Out To Get You opens up the encore, so crisp and sharp you think it might snap in two if pressed, but every note feels like a heart string is being plucked as well as the guitar string. Mark has made his way to the front of the stage and the interaction between him and Saul has Tim mesmerised as it does us – he lets himself go and loses himself in the music as many of those around us do too. Nothing But Love sees a wonderfully poignant moment where large sections of the crowd wrap arms around each other’s shoulders and sway, dance and sing along. It encapsulates the magic and the feeling of unity that’s been created (there’s a few references to the upcoming referendum) by the eight of them up on stage.
There’s no way we’re going to let them leave it at that and they have no intention of going anywhere. Tim suggests Come Home and very soon joins us in the crowd, falling on top of us and being lifted around the room, the crowd managing to both dance and move Tim around without dropping him although he does look a mix of shaken and exhilarated when he gets back to the stage.
Amsterdam was a wonderful experience. The band were as good as I’ve seen them for a very long time, thriving on the intense intimate environment they are performing in, feeding off the energy of a crowd that’s there to enjoy themselves rather than drink themselves into incoherence. The set list is a challenging one that refuses to take the easy route of rolling out a series of hits because they haven’t been to the Netherlands for so long. Amongst us national barriers are irrelevant, everyone is united by a common love of music, the adrenalin rush of a loud guitar and crashing propulsive drums, the contemplative beauty of a violin solo and the impact one man’s words can have on so many.

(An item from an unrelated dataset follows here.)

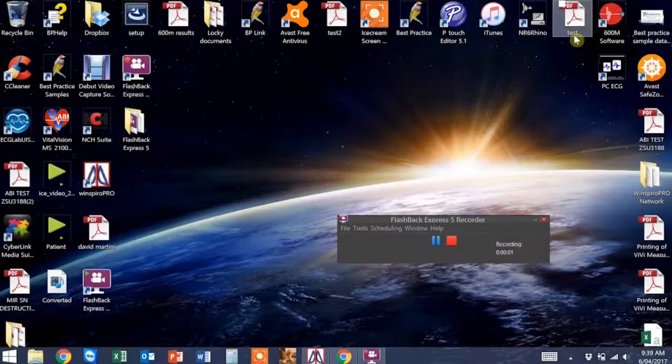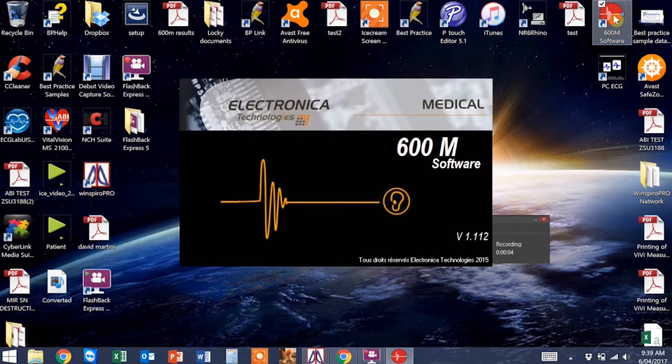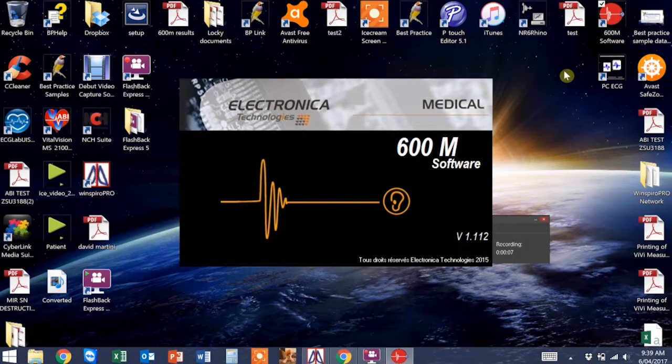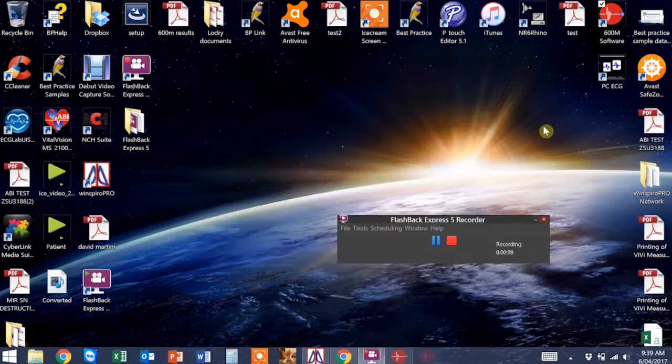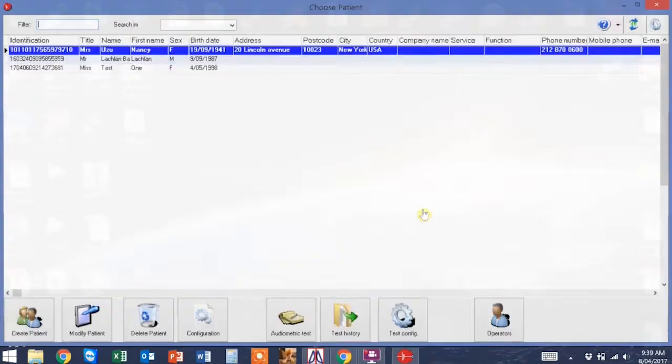To conduct a test, open up the software on your computer. When the next screen comes up, select an operator and click OK.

I’d recommend to anyone going to Europe to watch their favourite band play in these types of venues where there is none of the protection that bigger stages and huge production provide a protection and distance of sorts. The environment, the fans, the connection between them and the band made this one of the very best James gigs I’ve ever been to and looking around at the beaming faces both on stage and in the crowd, I doubt I was the only one feeling that.